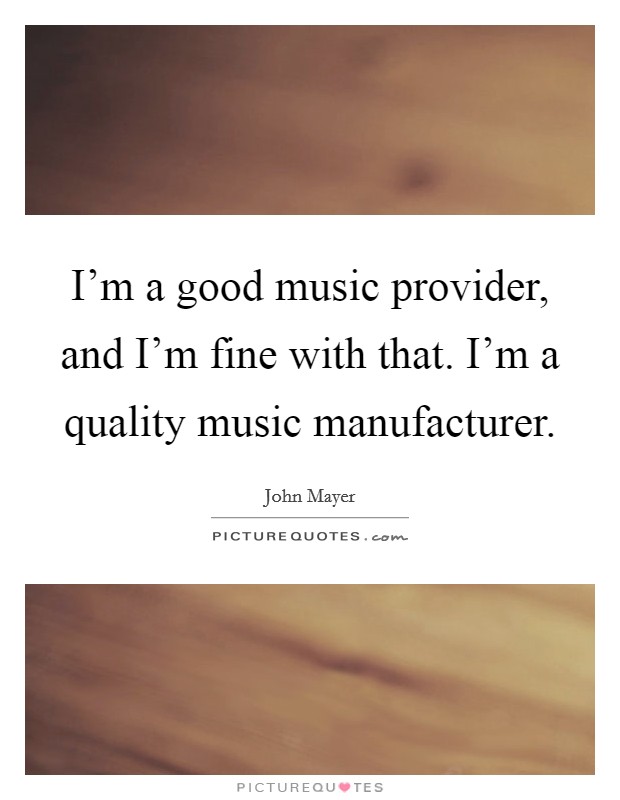 I'm a good music provider, and I'm fine with that. I'm a quality music manufacturer. Picture Quote #1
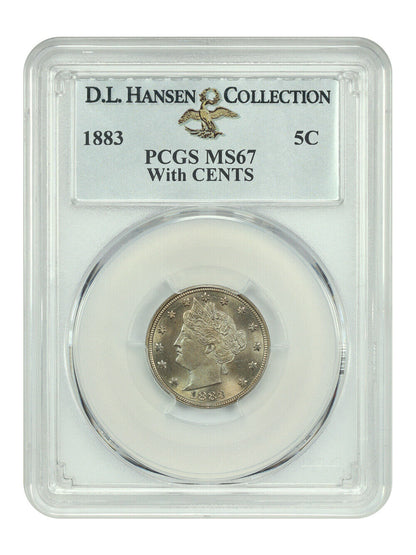 1883 5C PCGS MS67 (With CENTS) ex: D.L. Hansen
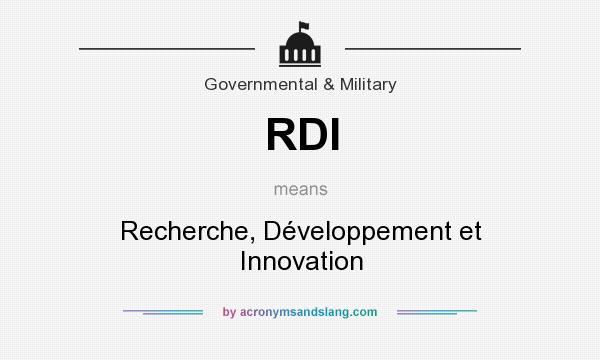 What does RDI mean? It stands for Recherche, Développement et Innovation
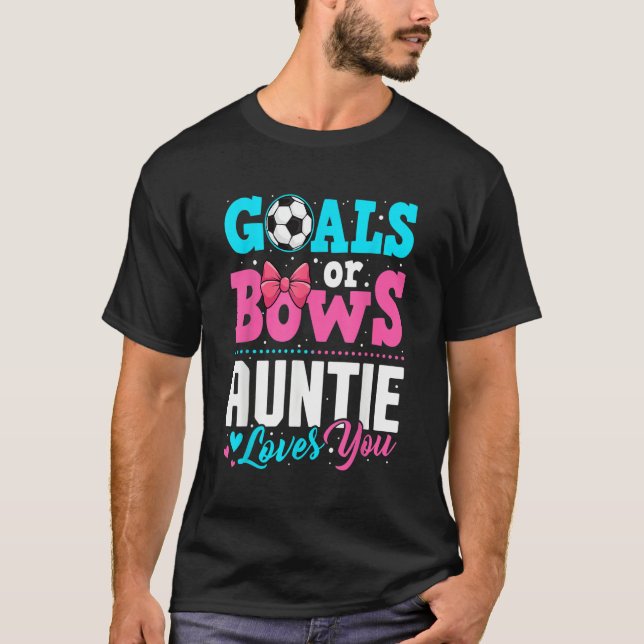 Goals Or Bows Auntie Loves You Gender Reveal Party T-Shirt (Vorderseite)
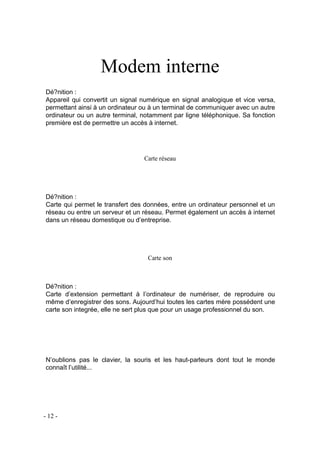 Modem interne
Dé?nition :
Appareil qui convertit un signal numérique en signal analogique et vice versa,
permettant ainsi à un ordinateur ou à un terminal de communiquer avec un autre
ordinateur ou un autre terminal, notamment par ligne téléphonique. Sa fonction
première est de permettre un accès à internet.
Carte réseau
Dé?nition :
Carte qui permet le transfert des données, entre un ordinateur personnel et un
réseau ou entre un serveur et un réseau. Permet également un accès à internet
dans un réseau domestique ou d’entreprise.
Carte son
Dé?nition :
Carte d’extension permettant à l’ordinateur de numériser, de reproduire ou
même d’enregistrer des sons. Aujourd’hui toutes les cartes mère possédent une
carte son integrée, elle ne sert plus que pour un usage professionnel du son.
N’oublions pas le clavier, la souris et les haut-parleurs dont tout le monde
connaît l’utilité...
- 12 -
 
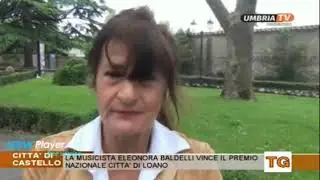 La musicista Eleonora Baldelli vince il premio Loano da Umbria Tv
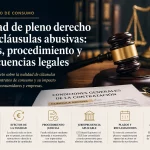 Nulidad de pleno derecho de las cláusulas abusivas y sus efectos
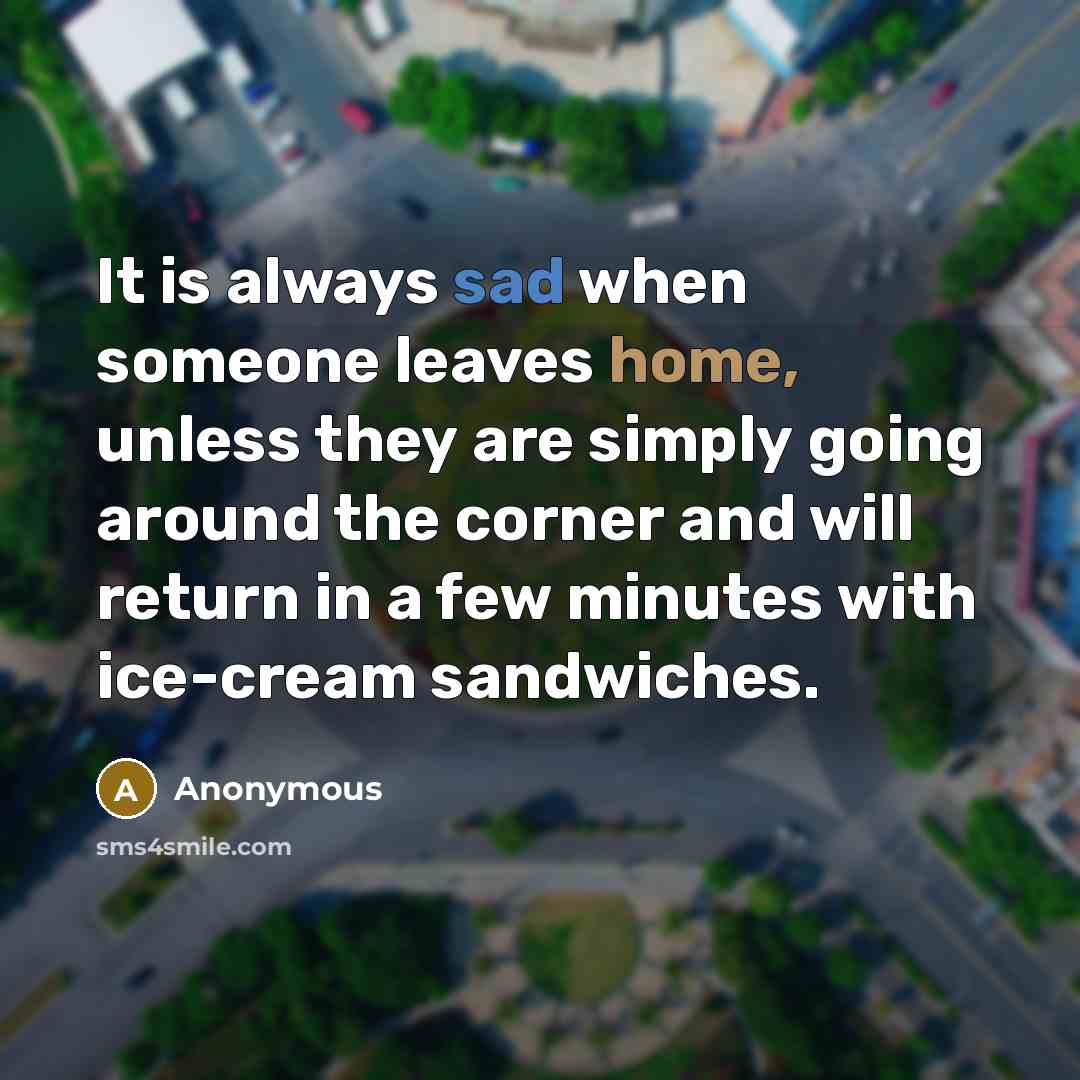 “It is always sad when someone leaves home, unless they are simply going around the corner and will return in a few minutes with ice-cream sandwiches.” quote by Anonymous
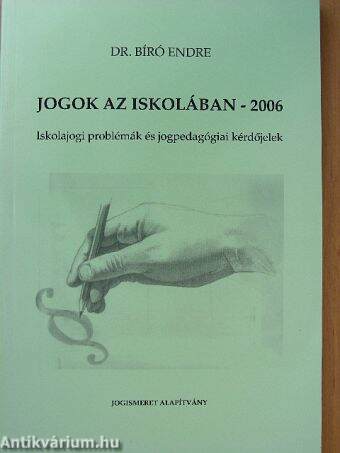 Jogok az iskolában - 2006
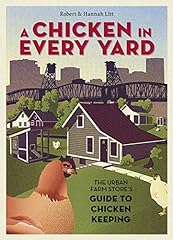 Used, A Chicken in Every Yard: The Urban Farm Store's Guide for sale  Delivered anywhere in UK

- - - -

■ What needs to be done
Leave the pictures out and restate exactly the lines from the one that has "What does RDI" through the final line of the entries above, both ends included.

■ Output for this task
 What does RDI mean? It stands for Recherche, Développement et Innovation
 Goals Or Bows Auntie Loves You Gender Reveal Party T-Shirt (Vorderseite)
 Modem interne
Dé?nition :
Appareil qui convertit un signal numérique en signal analogique et vice versa,
permettant ainsi à un ordinateur ou à un terminal de communiquer avec un autre
ordinateur ou un autre terminal, notamment par ligne téléphonique. Sa fonction
première est de permettre un accès à internet.
Carte réseau
Dé?nition :
Carte qui permet le transfert des données, entre un ordinateur personnel et un
réseau ou entre un serveur et un réseau. Permet également un accès à internet
dans un réseau domestique ou d’entreprise.
Carte son
Dé?nition :
Carte d’extension permettant à l’ordinateur de numériser, de reproduire ou
même d’enregistrer des sons. Aujourd’hui toutes les cartes mère possédent une
carte son integrée, elle ne sert plus que pour un usage professionnel du son.
N’oublions pas le clavier, la souris et les haut-parleurs dont tout le monde
connaît l’utilité...
- 12 -
 
 La musicista Eleonora Baldelli vince il premio Loano da Umbria Tv
 Nulidad de pleno derecho de las cláusulas abusivas y sus efectos
 “It is always sad when someone leaves home, unless they are simply going around the corner and will return in a few minutes with ice-cream sandwiches.” quote by Anonymous
 Jogok az iskolában - 2006
 Used, A Chicken in Every Yard: The Urban Farm Store's Guide for sale  Delivered anywhere in UK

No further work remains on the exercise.